While I understand the issue of a 4 year old sitting next to grown-up who is also TRAPPED on what could have been a 4-5-6 hour flight without a movie overhead, I disagree with your advise. Why does the adult have to watch something that a 4 year old would like? 1) There is a big difference between X-Rated and R-Rated, especially without sound. 2) Ask the person with the computer to shift his screen 10 degrees and the screen should be distorted so the 4 year old should not be able to adequately comprehend what he is watching. 3) The parent should change his/her seat with the child -- I'm sure the adult didn't like it if the 4 year old was climbing over the seat rest to view the movie. 4) Why didn't the parent bring toys or a portable DVD player for the 4 year old to watch?

When in a plane -- EVERYONE is responsible for his/her own happiness. Don't make a stranger plan a head for the potential that you're going to sit your child next to him/her.
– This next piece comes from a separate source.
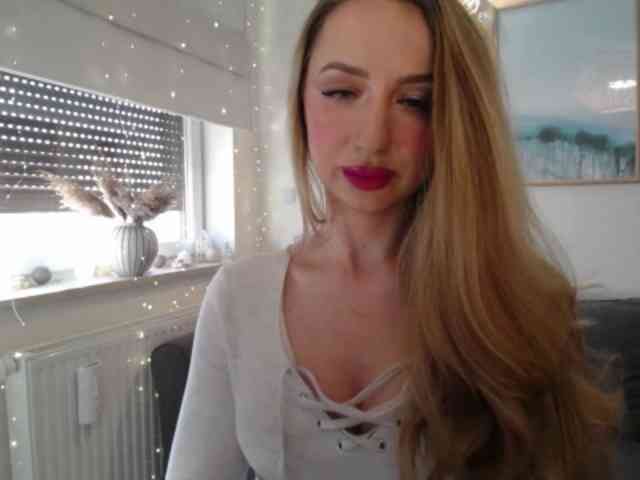 JulietteGlow JulietteGlow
4 year-olds and violent material in flight

We need to understand that a 4 year-old has no capacity to distinguish between "make believe" and "real." The images, even without sound, could be enough to disrupt the child's emotional development. I agree with the above remedies suggested even if it means not being "nice" to a stranger.
When should we try to be polite and understanding if it is potentially harmful to our children? Never. Would you tolerate a person blowing smoke into your child's face, or offering your child alcohol? I hope not. The parent in this scenario has every right to protect the well-being of his/her child, be it through asking the person next to them to remove the offending video, or changing seats, or some of the other suggested remedies. Our rights end at the neighbor's nose, the law says. Whatever it takes, we cannot allow the behavior of others to impact our children in unhealthy ways. But, we don't have to be nasty either, just reasonable.
Children have been likened to a sponge. Whatever is near them, the soak up. Our job as adults is to oversee what comes into their experience until they have developed sufficient coping mechanisms. Please speak out any time you feel your child is being compromised.